14. Now coming to the facts of the present case, it is purely a question of fact as to whether there has been increase in the commission and expenses and this point with regard to the increase in commission expenditure, has been dealt with by the Tribunal in the impugned order which reads as under :
“The increase in commission expenditure is claimed to be on account of opening of new branches of associate agency at Calcutta and Lucknow. In order to compensate the increased expenditure the commission is increased from 2.5 per cent to 3 per cent. However, there is no material on record to substantiate the said claim of the assessee. What are the details of such expenditure is also not on record. Besides, it is seen that this increase, in the rate of commission @ 3 per cent remained effective only for the year under consideration. Had the intention was to compensate the increased expenditure incurred by the commission agents on account of opening of new branches at Calcutta and Lucknow, the assessee would not have reverted back to the old commission rate of 2.5 per cent.
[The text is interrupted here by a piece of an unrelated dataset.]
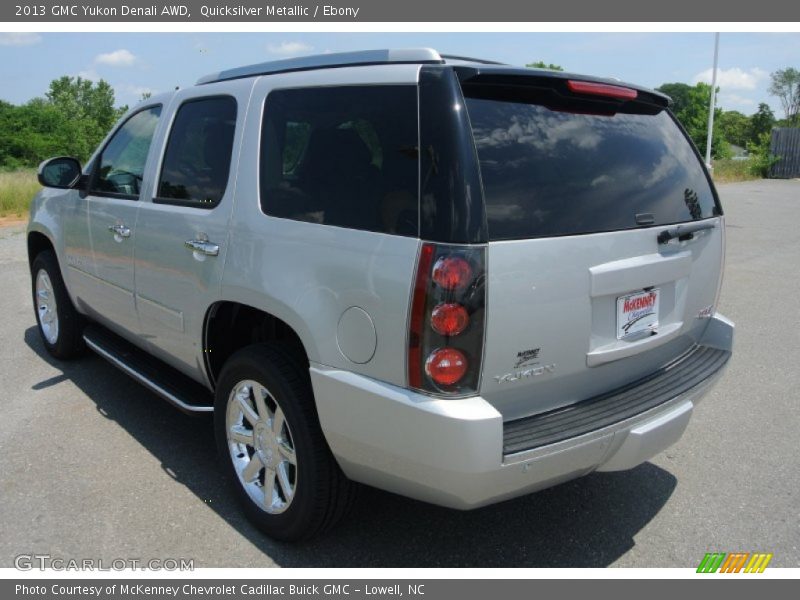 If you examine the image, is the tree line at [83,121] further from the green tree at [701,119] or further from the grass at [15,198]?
the grass at [15,198]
In these circumstances, there appears to be no justification to increase the commission from 2.5 per cent to 3 per cent. We, therefore, reverse the order of the CIT(A) and uphold the order passed by the AO.” We agree with the reasoning given by the Tribunal that increased rate of commission remained effective only for the year under consideration and if the intention of the assessee was to compensate its agents for increased expenditure incurred by them on account of opening of new branches at Calcutta and Lucknow, then there would have been no ground for the assessee to have reverted back to the old rate of commission that is 2.5 per cent. Under these circumstances, there appears to be no justification to increase the commission from 2.5 per cent to 3 per cent only for the year under consideration and thereafter when the sale is on increase, there was no justification for reducing the rate of commission. Since it is purely a finding of fact given by the Tribunal, we find no reason to disagree with the reasoning given by the Tribunal and as such the ratio of Dalmia Cement (Bharat) Ltd. (supra) is not applicable to the facts of the case in hand. Under these circumstances, we hold that no fault can be found with the view taken by the Tribunal. Thus, the order of Tribunal does not give rise to a question of law, much less a substantial question of law, to fall within the limited purview of s. 260A of the Act which is confined to entertaining only such appeal against the order which involves a substantial question of law. Accordingly, both the appeals filed by the assessee are hereby dismissed.